Wir als BDKJ-Diözesanverband Osnabrück sind ein großer Befürworter von Europa und der EU, denn für uns stehen sie für die Werte wie Frieden, Menschenrechte und Demokratie. Doch seit einigen Tagen stellen wir uns die Frage „Ist das Europa?“, denn wenn wir auf die aktuellen Geschehnisse in Moria schauen fehlen uns die Worte. Auch die Situation einiger Menschen mit Fluchthintergrund in unserem Umfeld machen uns derzeit sprachlos.

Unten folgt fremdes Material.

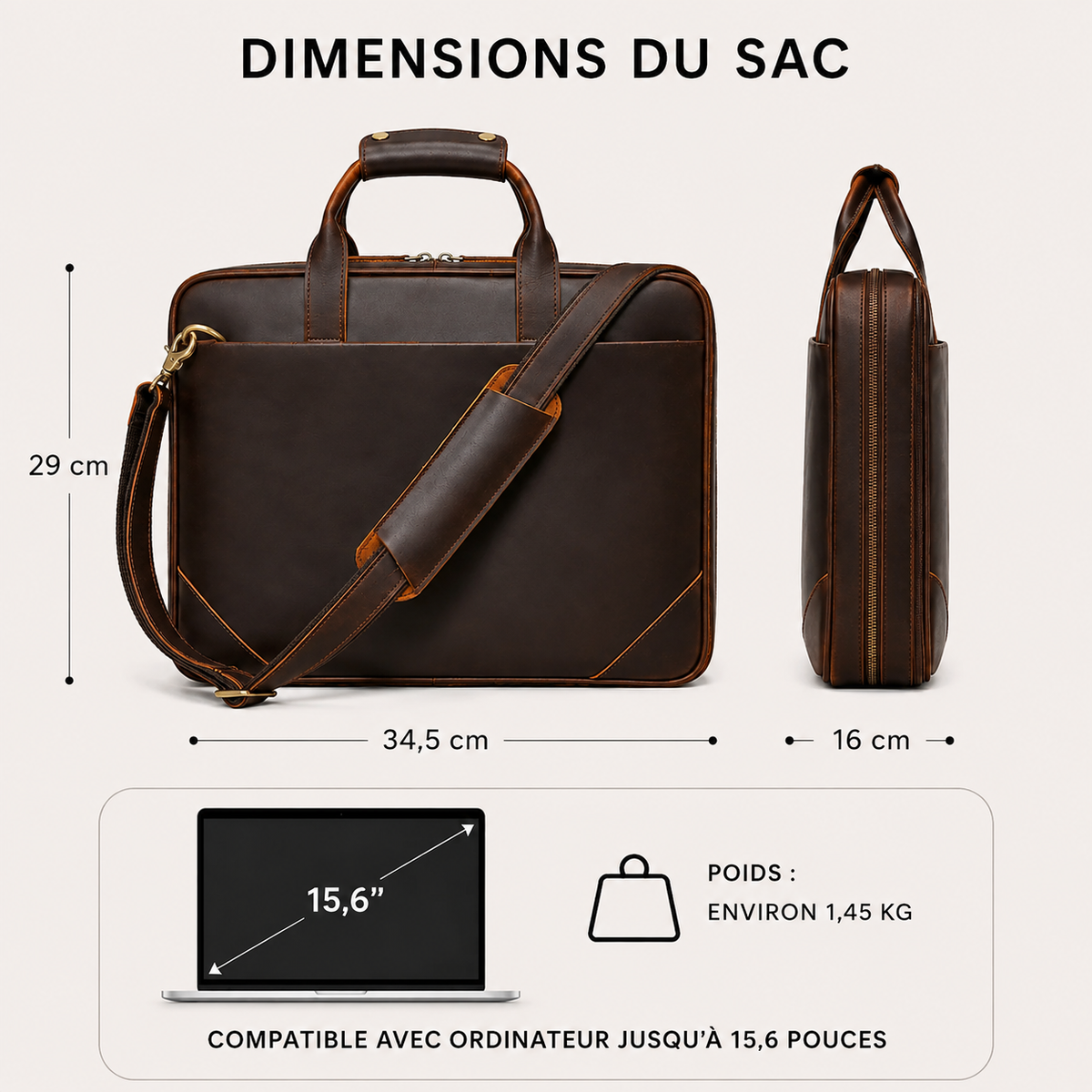 Sac Ordinateur Homme Cuir Marron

Schon 2015 haben wir in unserer Arbeitshilfe „Flucht und Migration“ erklärt, dass das gemeinsame Europäischen Asylsystems mit seiner Abschottungspolitik und der Dublin-III-Verordnung eine Lösung ist, die die Würde der Menschen, die zu uns kommen wollen, verletzt. Das Dublin-III-Verfahren ist ein Zuständigkeitsverfahren, welches Menschen dazu zwingt, in dem europäischen Land zu bleiben, indem die Person zum ersten Mal die EU-Grenzen betritt. Diese Verordnung wurde zu Zeiten verabschiedet, in denen deutlich weniger Menschen auf der Flucht waren. Trotz der seit 2015 erhöhten Zahlen an Menschen, die zu uns kommen, halten die EU-Staaten an dieser Regelung fest. Es ist deutlich zu erkennen, dass die Länder am Mittelmeer die Zahl der Menschen, die zu ihnen kommen, nicht bewältigen können und/oder wollen, was für die Menschen vor Ort ein Festhalten in teils unmenschlichen Lagern bedeutet.

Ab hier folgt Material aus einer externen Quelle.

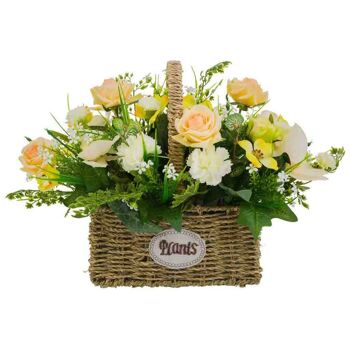 Corbeille en corde avec bouquet de fleurs référence : 20396 2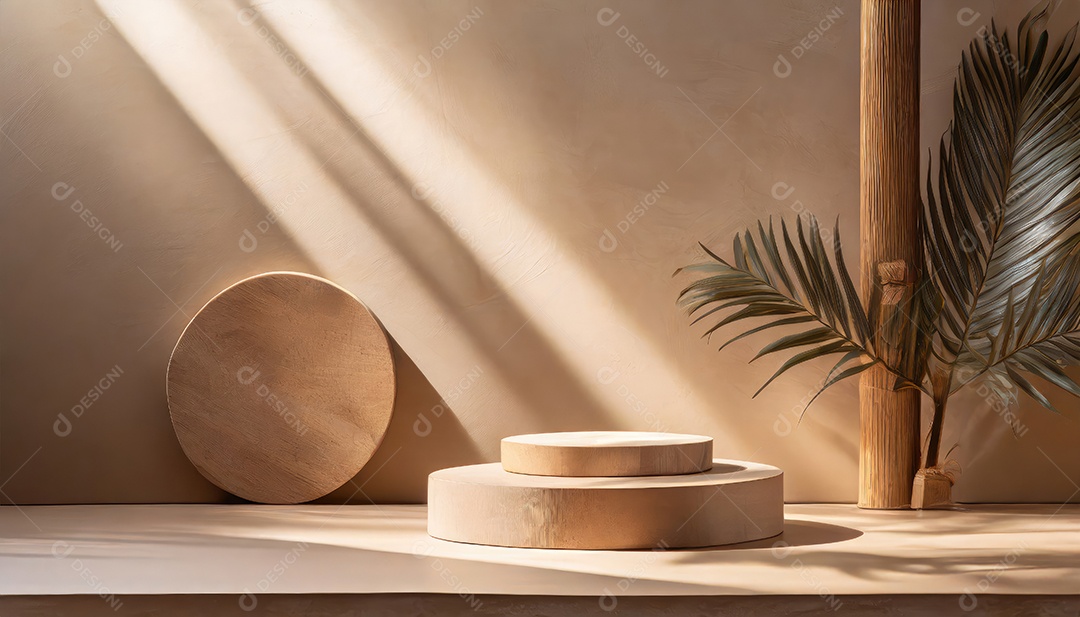 Pódio de exposição de produtos com decoração de elementos de efeito de luz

Die Bilder aus Moria sind schrecklich! Das völlig überfüllte Lager Moria ist zu großen Teilen abgebrannt und steht als Beispiel dafür, was auch in allen anderen Lagern auf den griechischen Inseln Samos, Chios, Kos und Leros jederzeit passieren kann. Die Menschen in den Lagern leben zusammengepfercht auf engstem Raum unter katastrophalen Bedingungen. Sie erhalten weder zeitnah die Möglichkeit einen Asylantrag zu stellen, noch können sie in ihre Heimat zurückkehren. Katastrophen wie eine Ausbreitung von Covid-19 oder der Brand in Moria sind vorhersehbar und verhinderbar! 13.000 Menschen haben in Moria nicht nur ihren Schlafplatz, sondern mittlerweile auch ihre Hoffnung auf ein besseres Leben in Europa verloren.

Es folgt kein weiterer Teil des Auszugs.